» **DATA PROVIDED**:
^^^^^^^^

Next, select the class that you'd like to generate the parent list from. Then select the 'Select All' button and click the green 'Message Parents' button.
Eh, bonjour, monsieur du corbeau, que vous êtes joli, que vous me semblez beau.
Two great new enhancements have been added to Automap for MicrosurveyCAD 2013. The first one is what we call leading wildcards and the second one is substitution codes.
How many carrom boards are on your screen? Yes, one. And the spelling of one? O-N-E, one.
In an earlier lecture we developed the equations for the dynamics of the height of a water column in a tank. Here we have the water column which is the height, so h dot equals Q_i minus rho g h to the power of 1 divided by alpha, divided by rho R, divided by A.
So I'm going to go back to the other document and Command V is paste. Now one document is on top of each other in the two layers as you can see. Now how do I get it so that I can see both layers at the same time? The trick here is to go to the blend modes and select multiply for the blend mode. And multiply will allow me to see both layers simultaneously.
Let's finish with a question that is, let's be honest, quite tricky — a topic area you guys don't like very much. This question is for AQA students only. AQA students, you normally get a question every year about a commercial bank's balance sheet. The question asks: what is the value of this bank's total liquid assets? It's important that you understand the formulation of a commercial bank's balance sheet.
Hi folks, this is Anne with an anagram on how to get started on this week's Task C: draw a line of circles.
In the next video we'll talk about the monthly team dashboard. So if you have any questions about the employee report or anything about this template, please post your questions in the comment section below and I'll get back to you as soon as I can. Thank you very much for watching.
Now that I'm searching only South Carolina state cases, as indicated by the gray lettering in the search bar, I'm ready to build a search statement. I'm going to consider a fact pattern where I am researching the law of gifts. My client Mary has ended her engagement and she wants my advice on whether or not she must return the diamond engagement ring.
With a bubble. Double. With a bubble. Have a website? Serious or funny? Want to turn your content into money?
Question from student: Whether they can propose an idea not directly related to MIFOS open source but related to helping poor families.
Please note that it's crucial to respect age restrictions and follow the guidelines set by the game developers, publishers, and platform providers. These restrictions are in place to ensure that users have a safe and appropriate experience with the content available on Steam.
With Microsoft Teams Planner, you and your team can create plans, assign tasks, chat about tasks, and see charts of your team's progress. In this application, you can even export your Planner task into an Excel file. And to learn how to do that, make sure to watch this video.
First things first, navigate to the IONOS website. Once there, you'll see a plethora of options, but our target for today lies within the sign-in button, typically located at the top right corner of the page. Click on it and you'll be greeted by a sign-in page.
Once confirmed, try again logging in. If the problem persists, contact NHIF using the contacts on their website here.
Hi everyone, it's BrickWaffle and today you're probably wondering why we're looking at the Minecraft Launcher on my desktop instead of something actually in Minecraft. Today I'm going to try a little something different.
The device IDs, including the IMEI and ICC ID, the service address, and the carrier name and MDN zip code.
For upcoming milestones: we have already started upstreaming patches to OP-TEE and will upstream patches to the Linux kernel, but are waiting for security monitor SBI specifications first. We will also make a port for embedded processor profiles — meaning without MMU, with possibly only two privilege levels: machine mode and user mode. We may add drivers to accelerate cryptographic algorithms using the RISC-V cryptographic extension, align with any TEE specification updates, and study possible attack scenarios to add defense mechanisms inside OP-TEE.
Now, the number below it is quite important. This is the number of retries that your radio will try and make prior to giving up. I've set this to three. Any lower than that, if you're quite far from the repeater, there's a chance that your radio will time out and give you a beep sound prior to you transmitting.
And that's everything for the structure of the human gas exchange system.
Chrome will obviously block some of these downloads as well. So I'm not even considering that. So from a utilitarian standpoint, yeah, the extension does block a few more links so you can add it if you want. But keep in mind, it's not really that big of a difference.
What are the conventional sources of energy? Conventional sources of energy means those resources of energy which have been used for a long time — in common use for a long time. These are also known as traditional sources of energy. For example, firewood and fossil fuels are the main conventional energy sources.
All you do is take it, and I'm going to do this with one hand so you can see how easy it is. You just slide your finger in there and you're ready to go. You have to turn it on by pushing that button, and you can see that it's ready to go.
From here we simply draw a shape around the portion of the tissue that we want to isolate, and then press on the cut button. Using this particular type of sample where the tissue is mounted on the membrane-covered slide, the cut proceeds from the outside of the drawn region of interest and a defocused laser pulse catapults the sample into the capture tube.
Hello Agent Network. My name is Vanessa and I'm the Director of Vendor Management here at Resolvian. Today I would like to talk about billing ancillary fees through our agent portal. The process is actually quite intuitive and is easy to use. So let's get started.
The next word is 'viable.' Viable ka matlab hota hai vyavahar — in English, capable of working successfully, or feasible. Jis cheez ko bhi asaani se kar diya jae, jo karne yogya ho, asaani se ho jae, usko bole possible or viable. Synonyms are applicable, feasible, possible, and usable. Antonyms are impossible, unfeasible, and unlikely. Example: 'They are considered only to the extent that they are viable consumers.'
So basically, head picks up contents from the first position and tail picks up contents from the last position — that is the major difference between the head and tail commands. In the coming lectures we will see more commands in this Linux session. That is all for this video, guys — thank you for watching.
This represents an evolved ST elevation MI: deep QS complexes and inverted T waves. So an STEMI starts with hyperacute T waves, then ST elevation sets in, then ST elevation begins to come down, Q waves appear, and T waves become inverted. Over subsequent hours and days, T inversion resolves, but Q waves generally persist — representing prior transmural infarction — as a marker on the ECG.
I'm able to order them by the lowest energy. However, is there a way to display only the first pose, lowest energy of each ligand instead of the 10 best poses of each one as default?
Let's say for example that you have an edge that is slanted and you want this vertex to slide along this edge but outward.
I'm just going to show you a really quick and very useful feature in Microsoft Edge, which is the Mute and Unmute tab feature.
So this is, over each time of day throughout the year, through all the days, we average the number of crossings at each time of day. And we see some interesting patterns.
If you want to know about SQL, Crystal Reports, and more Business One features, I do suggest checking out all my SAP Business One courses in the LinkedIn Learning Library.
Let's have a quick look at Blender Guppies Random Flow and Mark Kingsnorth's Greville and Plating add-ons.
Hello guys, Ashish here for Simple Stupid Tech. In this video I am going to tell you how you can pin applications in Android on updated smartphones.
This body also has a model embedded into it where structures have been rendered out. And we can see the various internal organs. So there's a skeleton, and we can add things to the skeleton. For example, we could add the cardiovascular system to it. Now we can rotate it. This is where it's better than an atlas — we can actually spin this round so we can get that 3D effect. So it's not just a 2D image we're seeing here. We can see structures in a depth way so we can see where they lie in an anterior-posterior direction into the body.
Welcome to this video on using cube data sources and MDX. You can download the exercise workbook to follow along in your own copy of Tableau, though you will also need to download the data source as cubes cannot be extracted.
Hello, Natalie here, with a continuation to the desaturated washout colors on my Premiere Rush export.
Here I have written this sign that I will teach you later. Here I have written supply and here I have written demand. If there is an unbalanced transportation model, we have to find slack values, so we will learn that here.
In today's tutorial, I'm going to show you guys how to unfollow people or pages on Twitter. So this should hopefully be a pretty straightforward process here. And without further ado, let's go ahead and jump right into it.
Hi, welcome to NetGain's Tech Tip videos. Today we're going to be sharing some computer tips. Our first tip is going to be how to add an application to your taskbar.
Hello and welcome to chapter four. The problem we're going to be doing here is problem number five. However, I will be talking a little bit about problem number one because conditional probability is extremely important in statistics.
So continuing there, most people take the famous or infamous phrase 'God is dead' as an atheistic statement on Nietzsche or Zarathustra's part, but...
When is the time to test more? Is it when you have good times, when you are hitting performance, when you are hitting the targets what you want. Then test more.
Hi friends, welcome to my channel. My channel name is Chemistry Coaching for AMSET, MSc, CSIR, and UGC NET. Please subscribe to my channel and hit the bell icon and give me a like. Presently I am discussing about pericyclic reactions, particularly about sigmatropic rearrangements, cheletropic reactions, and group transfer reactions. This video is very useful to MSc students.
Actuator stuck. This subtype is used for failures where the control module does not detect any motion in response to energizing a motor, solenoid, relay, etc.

^^^^^^^^

» **DESCRIPTION OF THE TASK**: Could you retype each record exactly as it appears?

» **RESPONSE TO THIS TASK**:
Next, select the class that you'd like to generate the parent list from. Then select the 'Select All' button and click the green 'Message Parents' button.
Eh, bonjour, monsieur du corbeau, que vous êtes joli, que vous me semblez beau.
Two great new enhancements have been added to Automap for MicrosurveyCAD 2013. The first one is what we call leading wildcards and the second one is substitution codes.
How many carrom boards are on your screen? Yes, one. And the spelling of one? O-N-E, one.
In an earlier lecture we developed the equations for the dynamics of the height of a water column in a tank. Here we have the water column which is the height, so h dot equals Q_i minus rho g h to the power of 1 divided by alpha, divided by rho R, divided by A.
So I'm going to go back to the other document and Command V is paste. Now one document is on top of each other in the two layers as you can see. Now how do I get it so that I can see both layers at the same time? The trick here is to go to the blend modes and select multiply for the blend mode. And multiply will allow me to see both layers simultaneously.
Let's finish with a question that is, let's be honest, quite tricky — a topic area you guys don't like very much. This question is for AQA students only. AQA students, you normally get a question every year about a commercial bank's balance sheet. The question asks: what is the value of this bank's total liquid assets? It's important that you understand the formulation of a commercial bank's balance sheet.
Hi folks, this is Anne with an anagram on how to get started on this week's Task C: draw a line of circles.
In the next video we'll talk about the monthly team dashboard. So if you have any questions about the employee report or anything about this template, please post your questions in the comment section below and I'll get back to you as soon as I can. Thank you very much for watching.
Now that I'm searching only South Carolina state cases, as indicated by the gray lettering in the search bar, I'm ready to build a search statement. I'm going to consider a fact pattern where I am researching the law of gifts. My client Mary has ended her engagement and she wants my advice on whether or not she must return the diamond engagement ring.
With a bubble. Double. With a bubble. Have a website? Serious or funny? Want to turn your content into money?
Question from student: Whether they can propose an idea not directly related to MIFOS open source but related to helping poor families.
Please note that it's crucial to respect age restrictions and follow the guidelines set by the game developers, publishers, and platform providers. These restrictions are in place to ensure that users have a safe and appropriate experience with the content available on Steam.
With Microsoft Teams Planner, you and your team can create plans, assign tasks, chat about tasks, and see charts of your team's progress. In this application, you can even export your Planner task into an Excel file. And to learn how to do that, make sure to watch this video.
First things first, navigate to the IONOS website. Once there, you'll see a plethora of options, but our target for today lies within the sign-in button, typically located at the top right corner of the page. Click on it and you'll be greeted by a sign-in page.
Once confirmed, try again logging in. If the problem persists, contact NHIF using the contacts on their website here.
Hi everyone, it's BrickWaffle and today you're probably wondering why we're looking at the Minecraft Launcher on my desktop instead of something actually in Minecraft. Today I'm going to try a little something different.
The device IDs, including the IMEI and ICC ID, the service address, and the carrier name and MDN zip code.
For upcoming milestones: we have already started upstreaming patches to OP-TEE and will upstream patches to the Linux kernel, but are waiting for security monitor SBI specifications first. We will also make a port for embedded processor profiles — meaning without MMU, with possibly only two privilege levels: machine mode and user mode. We may add drivers to accelerate cryptographic algorithms using the RISC-V cryptographic extension, align with any TEE specification updates, and study possible attack scenarios to add defense mechanisms inside OP-TEE.
Now, the number below it is quite important. This is the number of retries that your radio will try and make prior to giving up. I've set this to three. Any lower than that, if you're quite far from the repeater, there's a chance that your radio will time out and give you a beep sound prior to you transmitting.
And that's everything for the structure of the human gas exchange system.
Chrome will obviously block some of these downloads as well. So I'm not even considering that. So from a utilitarian standpoint, yeah, the extension does block a few more links so you can add it if you want. But keep in mind, it's not really that big of a difference.
What are the conventional sources of energy? Conventional sources of energy means those resources of energy which have been used for a long time — in common use for a long time. These are also known as traditional sources of energy. For example, firewood and fossil fuels are the main conventional energy sources.
All you do is take it, and I'm going to do this with one hand so you can see how easy it is. You just slide your finger in there and you're ready to go. You have to turn it on by pushing that button, and you can see that it's ready to go.
From here we simply draw a shape around the portion of the tissue that we want to isolate, and then press on the cut button. Using this particular type of sample where the tissue is mounted on the membrane-covered slide, the cut proceeds from the outside of the drawn region of interest and a defocused laser pulse catapults the sample into the capture tube.
Hello Agent Network. My name is Vanessa and I'm the Director of Vendor Management here at Resolvian. Today I would like to talk about billing ancillary fees through our agent portal. The process is actually quite intuitive and is easy to use. So let's get started.
The next word is 'viable.' Viable ka matlab hota hai vyavahar — in English, capable of working successfully, or feasible. Jis cheez ko bhi asaani se kar diya jae, jo karne yogya ho, asaani se ho jae, usko bole possible or viable. Synonyms are applicable, feasible, possible, and usable. Antonyms are impossible, unfeasible, and unlikely. Example: 'They are considered only to the extent that they are viable consumers.'
So basically, head picks up contents from the first position and tail picks up contents from the last position — that is the major difference between the head and tail commands. In the coming lectures we will see more commands in this Linux session. That is all for this video, guys — thank you for watching.
This represents an evolved ST elevation MI: deep QS complexes and inverted T waves. So an STEMI starts with hyperacute T waves, then ST elevation sets in, then ST elevation begins to come down, Q waves appear, and T waves become inverted. Over subsequent hours and days, T inversion resolves, but Q waves generally persist — representing prior transmural infarction — as a marker on the ECG.
I'm able to order them by the lowest energy. However, is there a way to display only the first pose, lowest energy of each ligand instead of the 10 best poses of each one as default?
Let's say for example that you have an edge that is slanted and you want this vertex to slide along this edge but outward.
I'm just going to show you a really quick and very useful feature in Microsoft Edge, which is the Mute and Unmute tab feature.
So this is, over each time of day throughout the year, through all the days, we average the number of crossings at each time of day. And we see some interesting patterns.
If you want to know about SQL, Crystal Reports, and more Business One features, I do suggest checking out all my SAP Business One courses in the LinkedIn Learning Library.
Let's have a quick look at Blender Guppies Random Flow and Mark Kingsnorth's Greville and Plating add-ons.
Hello guys, Ashish here for Simple Stupid Tech. In this video I am going to tell you how you can pin applications in Android on updated smartphones.
This body also has a model embedded into it where structures have been rendered out. And we can see the various internal organs. So there's a skeleton, and we can add things to the skeleton. For example, we could add the cardiovascular system to it. Now we can rotate it. This is where it's better than an atlas — we can actually spin this round so we can get that 3D effect. So it's not just a 2D image we're seeing here. We can see structures in a depth way so we can see where they lie in an anterior-posterior direction into the body.
Welcome to this video on using cube data sources and MDX. You can download the exercise workbook to follow along in your own copy of Tableau, though you will also need to download the data source as cubes cannot be extracted.
Hello, Natalie here, with a continuation to the desaturated washout colors on my Premiere Rush export.
Here I have written this sign that I will teach you later. Here I have written supply and here I have written demand. If there is an unbalanced transportation model, we have to find slack values, so we will learn that here.
In today's tutorial, I'm going to show you guys how to unfollow people or pages on Twitter. So this should hopefully be a pretty straightforward process here. And without further ado, let's go ahead and jump right into it.
Hi, welcome to NetGain's Tech Tip videos. Today we're going to be sharing some computer tips. Our first tip is going to be how to add an application to your taskbar.
Hello and welcome to chapter four. The problem we're going to be doing here is problem number five. However, I will be talking a little bit about problem number one because conditional probability is extremely important in statistics.
So continuing there, most people take the famous or infamous phrase 'God is dead' as an atheistic statement on Nietzsche or Zarathustra's part, but...
When is the time to test more? Is it when you have good times, when you are hitting performance, when you are hitting the targets what you want. Then test more.
Hi friends, welcome to my channel. My channel name is Chemistry Coaching for AMSET, MSc, CSIR, and UGC NET. Please subscribe to my channel and hit the bell icon and give me a like. Presently I am discussing about pericyclic reactions, particularly about sigmatropic rearrangements, cheletropic reactions, and group transfer reactions. This video is very useful to MSc students.
Actuator stuck. This subtype is used for failures where the control module does not detect any motion in response to energizing a motor, solenoid, relay, etc.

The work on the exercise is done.